Siamo in Campania, Orto Botanico di Portici, fontana delle Sirene, “La coppia”, un particolare dalla prospettiva aberrata, dove un uomo e una donna sembrano essere custodi della natura che li accoglie; tutto si carica di energia esagerata propria delle logiche dinamiche delle volute che li dividono.
Ancora la fontana riesce a essere protagonista, giriamo intorno, “Gli opposti”, uno strano modo di essere insieme; ognuno ha un proprio infinito, uno sguardo assente, un corpo che sa di favola, l’umano che si unisce all’animale, il tutto con ricercata eleganza.
Castello Aragonese, Bacoli, “Sostegni”, il legno domina supremo, un bisticcio inconsueto di forme inusuali che si proietta nell’ambiente con maestosa presenza; sembra uno strano annuncio di solitudine austera, quasi un divieto di entrare a tutela di un passato non meritato.
Il nostro peregrinare continua nel Castello con “La prospettiva profili” che, in un percorso di forme consunte dallo scorrere del tempo, ci permette di fermarci in un bagno di luce su di un volto che conserva la primaria fattura, espressione nobile; forse l’ultima opportunità di essere nel nostro presente.
Siamo all’ultima sosta nel Castello, un volto, “Espressione”, una maschera di nobile fattura, tagliata nel buio di uno spazio eterno, dallo sguardo assente; sembra non accorgersi di noi, forse il rifiuto della mediocrità d’intenti propria dei nostri giorni.
“Asimmetria tagliente” per il Centro Direzionale di Napoli; la punta di una spada che s’innalza verso il cielo, senza inizio né fine, quasi l’angoscia che rimembra “Il grido” di Edvard Munch, come per rompere il silenzio e la triste geometria dai colori spenti che accompagnano la monotonia crudele delle architetture di disumana natura.
“La luce del passato” ci porta al Palazzo Serra di Cassano di Napoli dove gli archi s’incrociano in un delizioso connubio di nobile presenza per finire in un pregevole ricamo di lamine di ferro battuto che conservano una lampada, portatore di luce, di un passato da non dimenticare, uno spazio colto tutto da vivere.

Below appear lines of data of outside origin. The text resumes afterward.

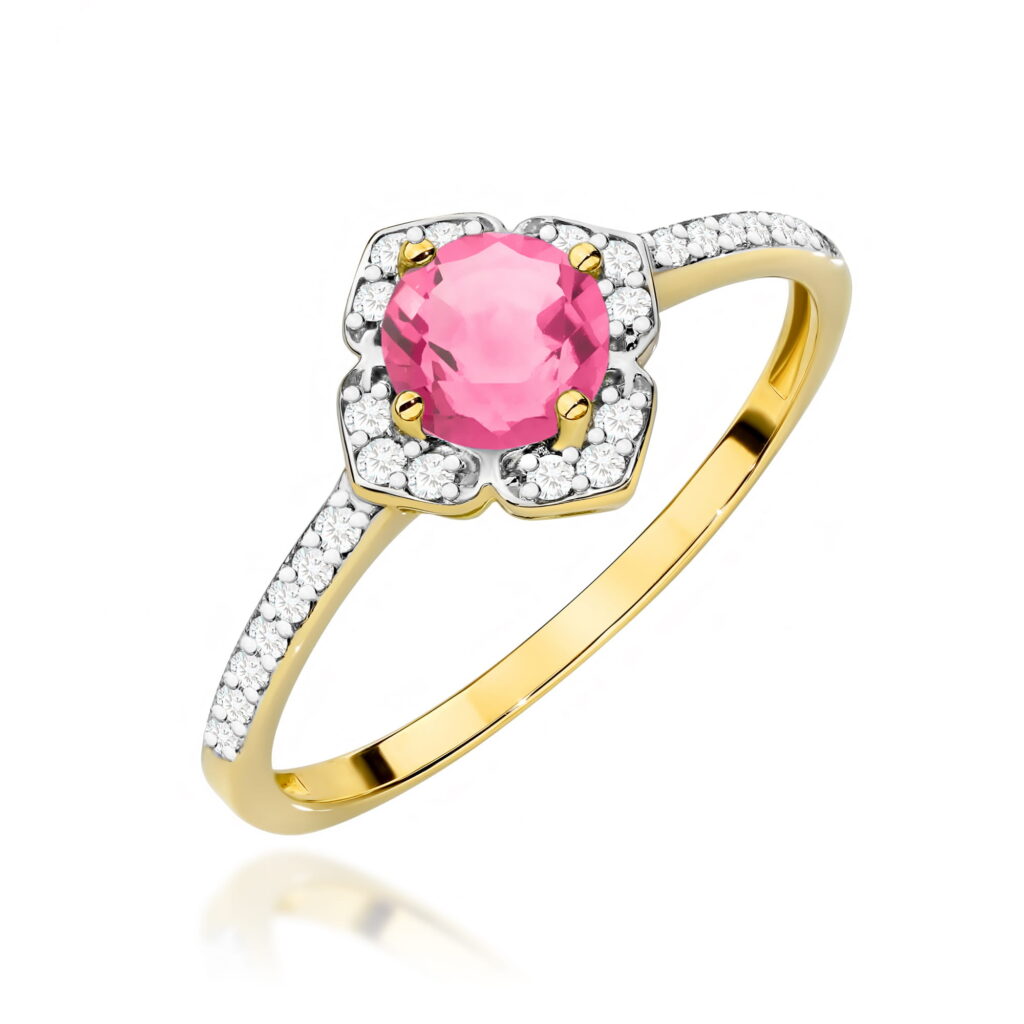 Pierścionek  Różowy Topaz 0,60ct - widok 1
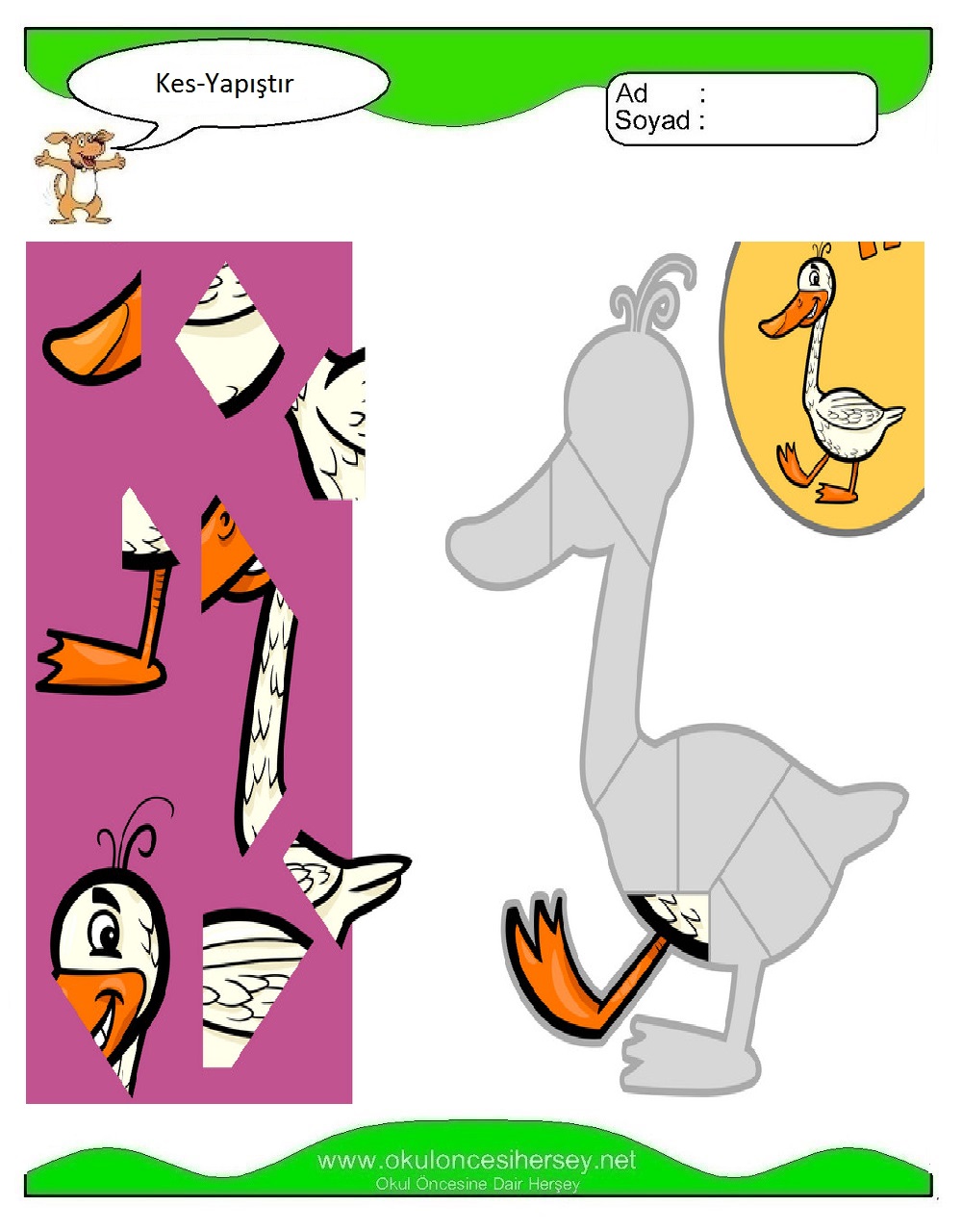 Kes Yapıştır Çalışmaları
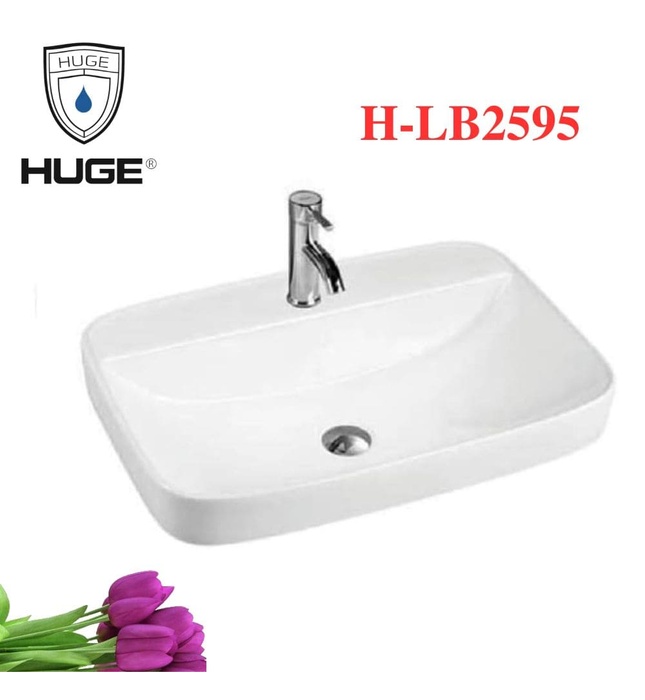 Chậu Rửa Lavabo Bán Âm Huge H-LB2595 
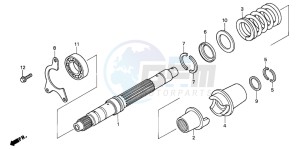 ST1100 drawing PRIMARY SHAFT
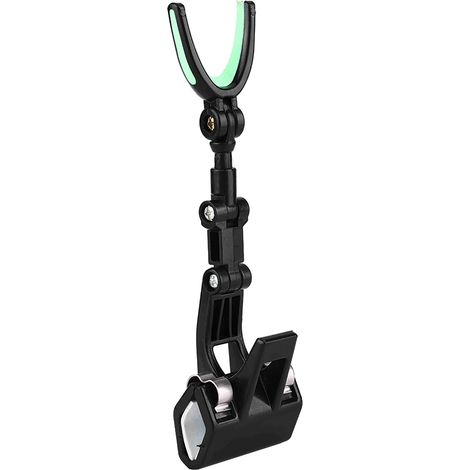 Support de canne à pêche rotatif, porte-béquille orientable, support de poteau avec rotation, accessoire de pêche pour maintien de canne, support à 360°. (1/5)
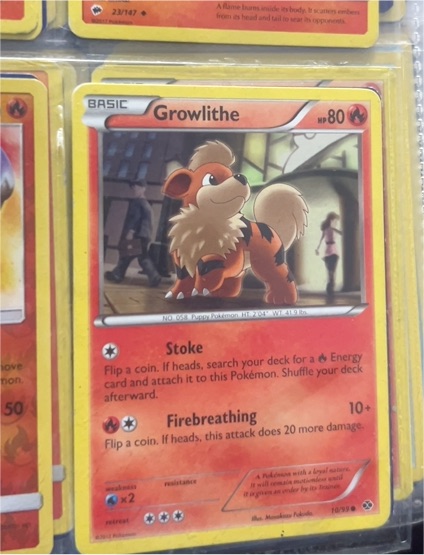 2011 Pokémon Black & White Next Destinies #10 Growlithe — front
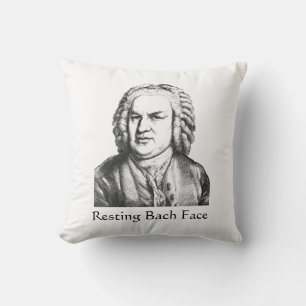 Almofada Compositor de Música Clássica Bach Face em Desca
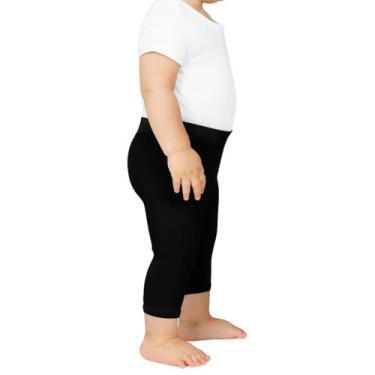 Imagem de Meia calça legging baby infantil menino lupo, RN, Preto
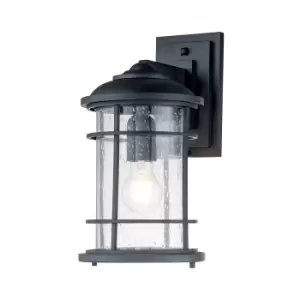 Feiss Lighthouse Outdoor Wall Lantern Textured Black, IP44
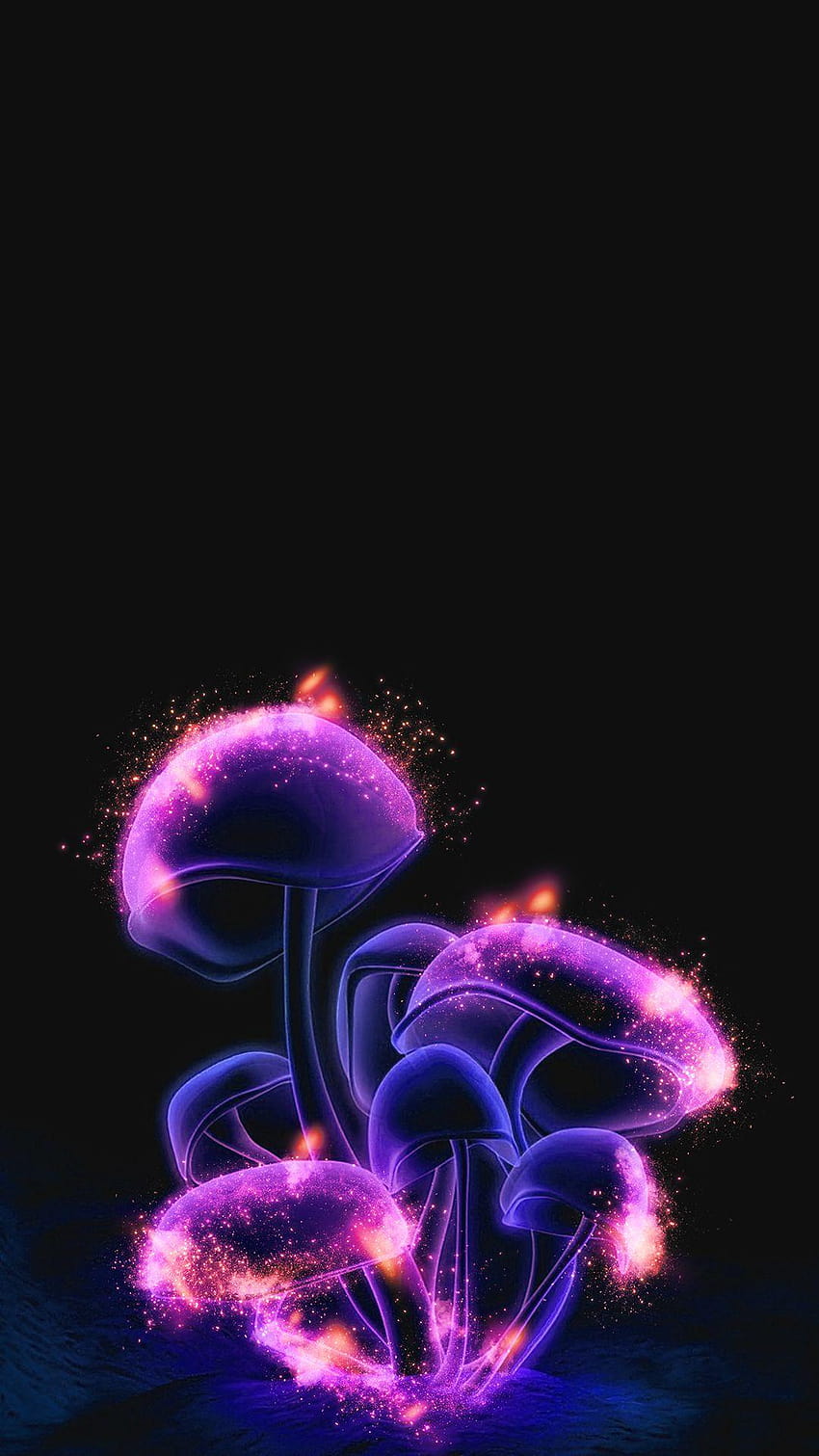 Magic Mushrooms Phone ...5477 HD phone wallpaper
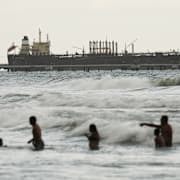 Bilden föreställer en annan oljetanker utanför Venezuelas kust.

Con “Spiraglio di luce”, ancora nel nostro palazzo, i bianchi e i neri in una logica diagonale, si uniscono e si dividono; ancora una voce di quanti vogliono credere in un percorso di vita dove cultura e arte sono espressione di eterna energia.
Pochi passi e siamo al Castel dell’Ovo, a Napoli, “La via di fuga”, è forse l’ultima meta del nostro peregrinare alla ricerca di una storia, quella che sa di vita, quella che dovrebbe essere nostra, da non dimenticare, da continuare a credere, giorno dopo giorno, ora dopo ora, attimo dopo attimo. A Napoli tutto sa di sporco, di consunto, di abbandono, tutto sembra lasciato a un destino ingrato. Lo spazio infinito che Giuseppe ci racconta, forse è l’ultima strada da percorrere per un popolo che non c’è!
Lo spazio aperto di una natura inquieta ci conduce a Bagnoli sul Pontile con “tutti in fila”; uno scorrere lento di un nastro di cemento; tutto sembra senza inizio né fine, senza spazio né tempo, senza vita né morte, senza gioia né dolore; in un infinito che ha poco di nostro si legge qualche presenza umana, forse c’è una speranza, quella che Giuseppe Piergianni pretende ancora di avere.